Most days I am able to distract myself enough that I hardly think about the sham that my marriage has become. Between my son, my mother, job hunting, apartment hunting, online schooling, trying to get public assistance and child support (and all of the paperwork and interviews that that entails), church, and whatever other distractions I can come up with, I do a pretty good job of distancing myself from that particular disaster.
Tonight though… Tonight has been a three cups of tea at midnight (because I can’t sleep)- web surfing- 2am movie- 4am text to the bff- WHAT AM I DOING WITH MY LIFE??! kind of night.
In other words… Exhausting.
I know I’m not doing the wrong thing.
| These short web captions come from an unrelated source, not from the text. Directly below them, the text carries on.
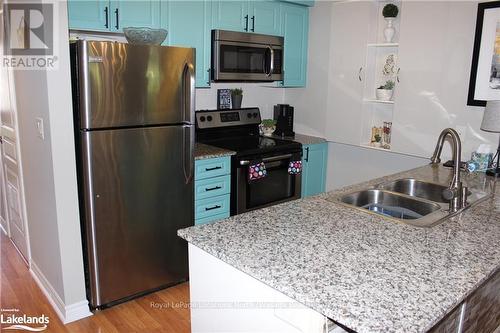 107 - 3 Brandy Lane Drive, Collingwood, ON - Indoor Photo Showing Kitchen With Double Sink With Upgraded Kitchen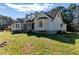 Charming two-story home with large front yard and bay windows at 1505 Ozora Rd, Loganville, GA 30052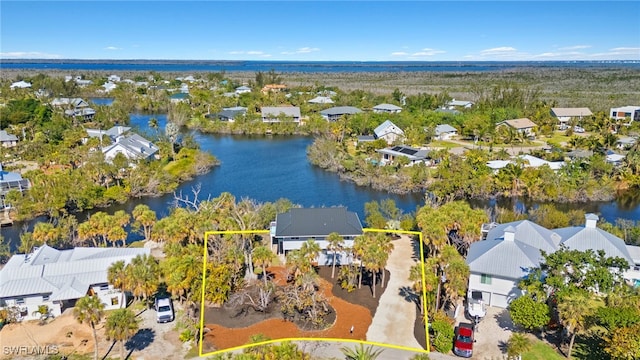 aerial view featuring a residential view and a water view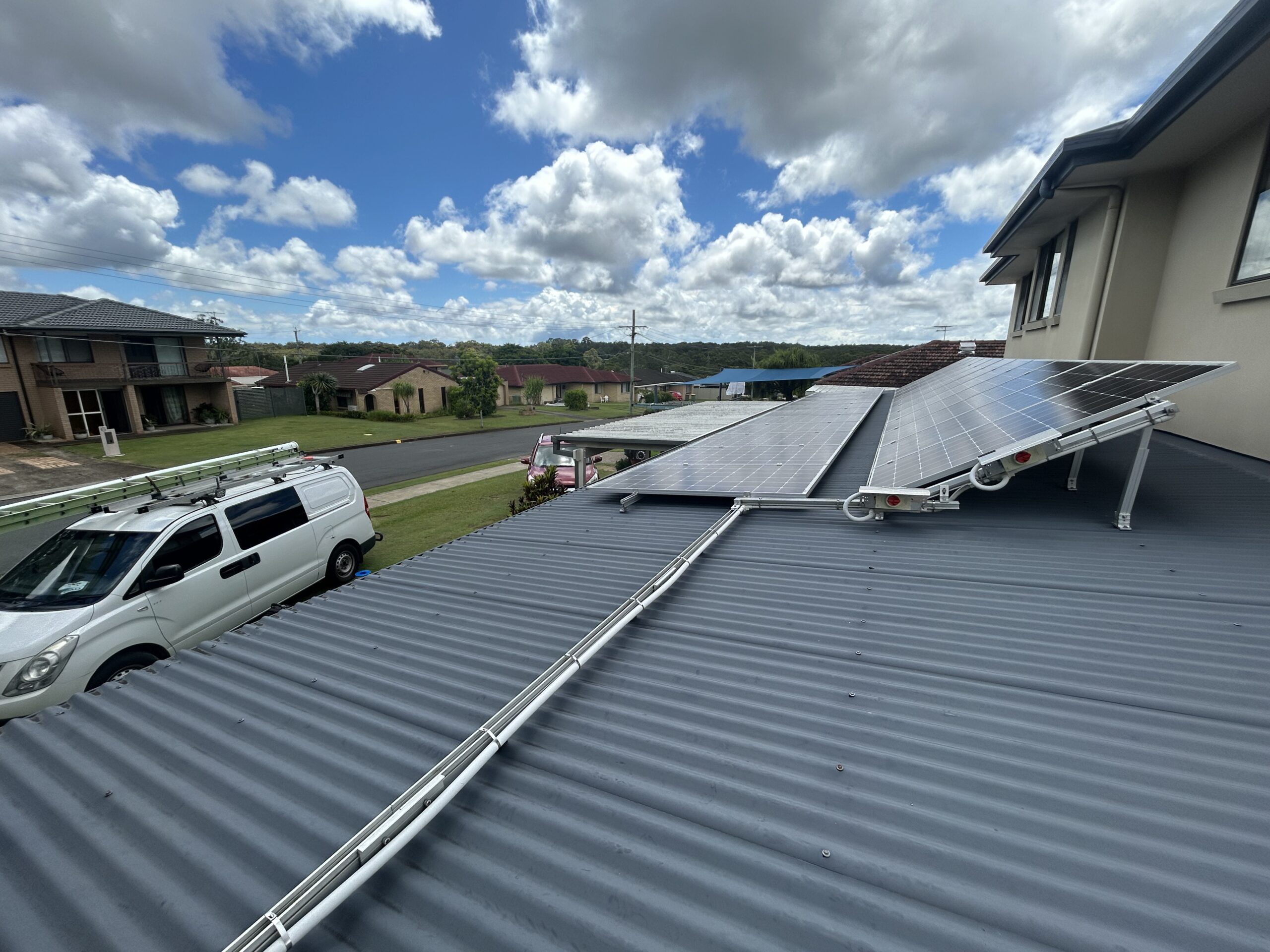 Solar panel installation on a residential roof with SEQSparky van in the background in Brisbane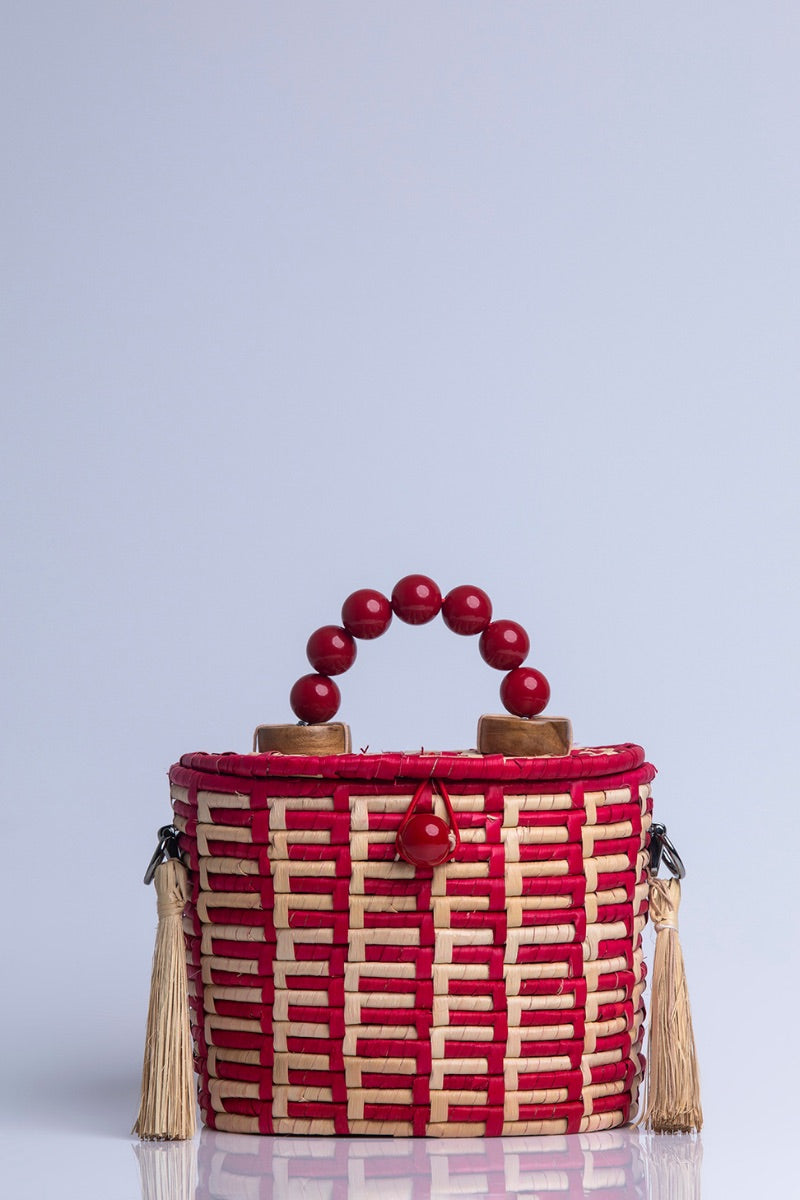 Red Catarina Mina Jirau basket top handle bag with woven design and sturdy handles, stylish and functional for everyday use.
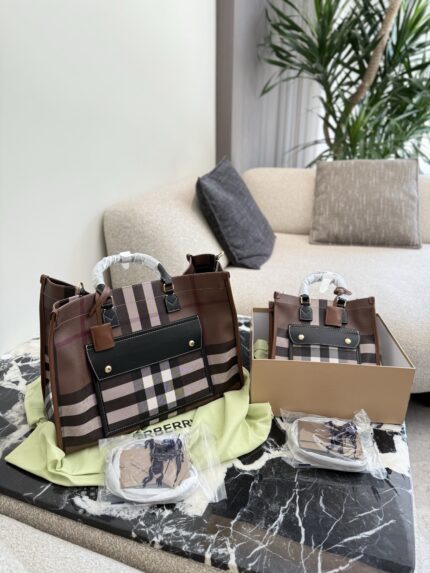 Burberry'S Latest Tote Bag In Classic Check Pattern Calfskin Leather. Features An Adjustable Shoulder Strap, Snap Closure, And Ample Capacity. Suitable For Crossbody Or Handheld Carry.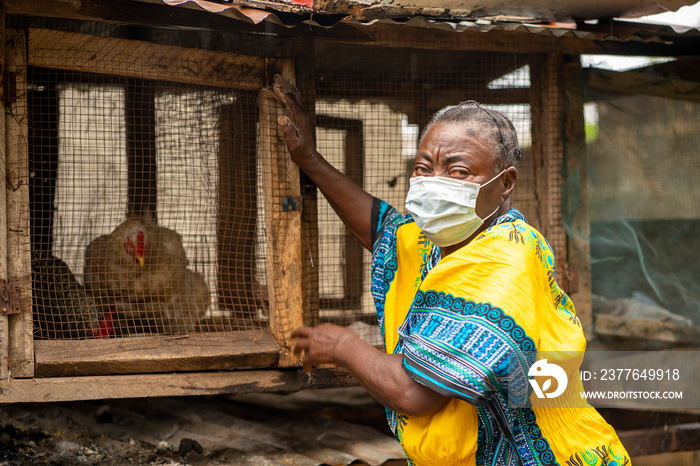 image of old african woman with face mask- protection concept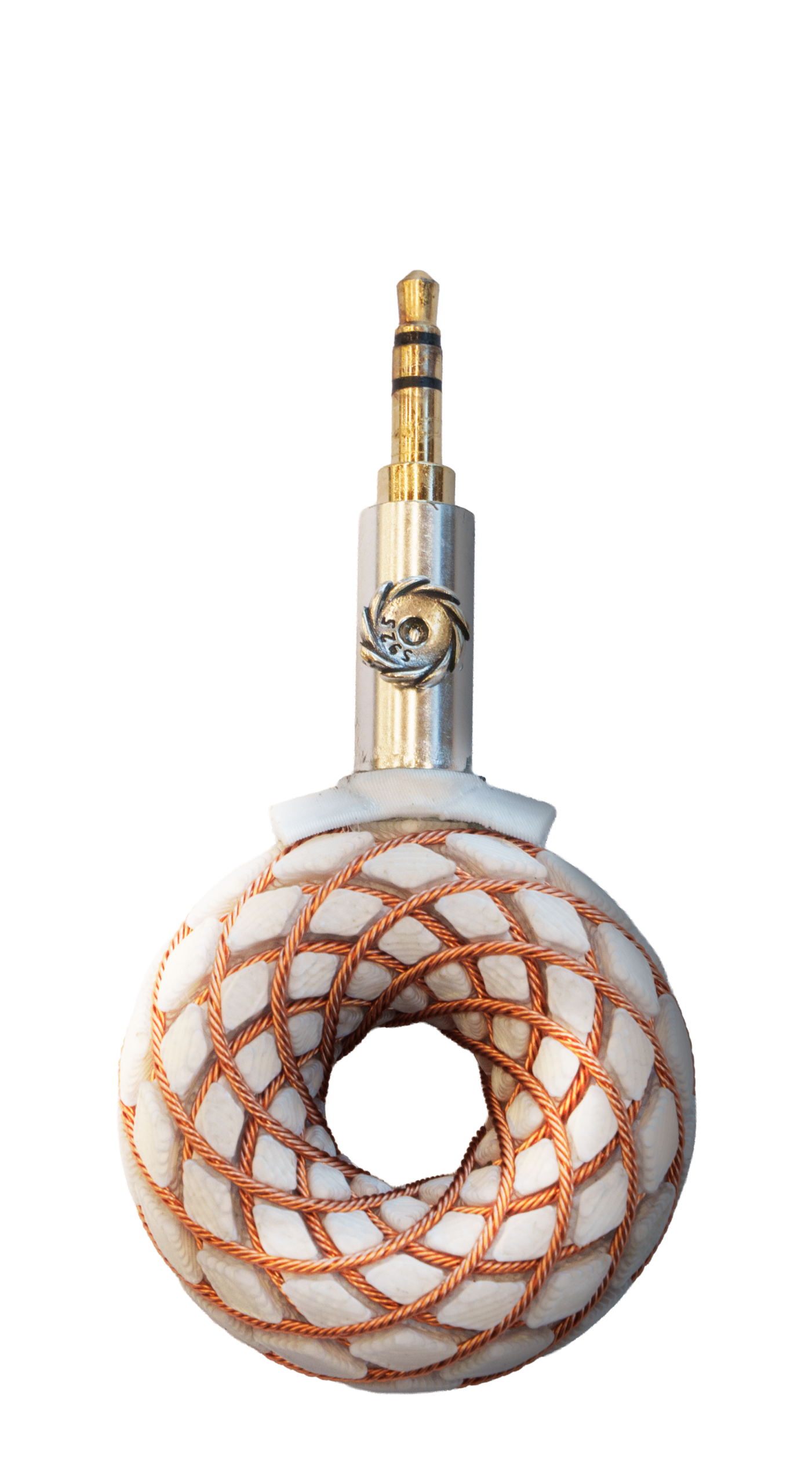 Uncapped OTORUS ring showing its copper winding and attached connector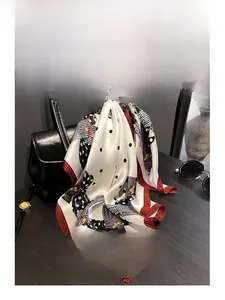 Dettaglio di un foulard in seta bianca a pois neri con bordi a scacchi rossi e neri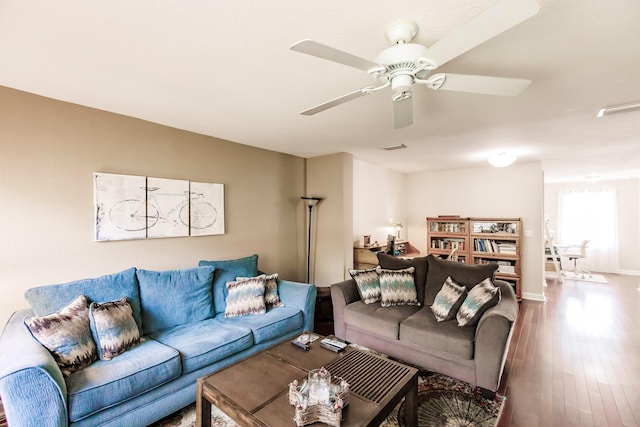 living room with hardwood / wood-style floors and ceiling fan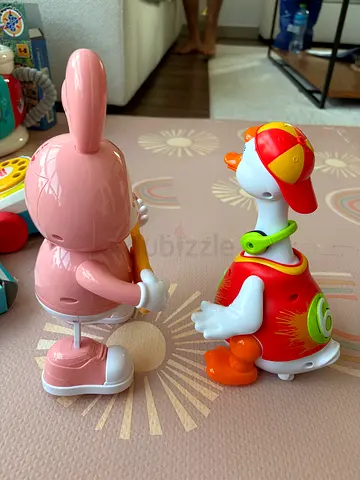 Battery-operated walking rabbit and duck toys - with music used, working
The wrong thing is what I’ve done for the past five years. Trying to salvage an increasingly abusive relationship that seems to have been doomed to fail from the start.
Someone told me that I must be feeling guilty. It’s not guilt that I feel. I’m beyond guilt. I know that I’ve put everything that I had into and sacrificed so much more for my marriage. No, I don’t feel guilt. Nor should I. What I’m feeling is drowned by anxiety about what comes next…
It’s 5am and I’m tired enough that I think I can chance trying to get some rest. I lie down on the twin bed that I share with August. He snuggles close to me and wraps an arm around my neck. His right leg is thrown over my hip and then he’s comfortable, secure in the knowledge that mommy is safe with him - utilizing whatever rational his four year old sleep soaked mind has come up with to make that so.
I’m an August taco. I’ve no space of my own, but I don’t care. Not really. He’s safe. He’s asleep. I know that he’s confused about the changes that have taken place in our lives, but at least he can take some comfort from the fact that I’m here and I’m not going anywhere.
With that in mind and running my fingers through my little boy’s curls, I fall asleep.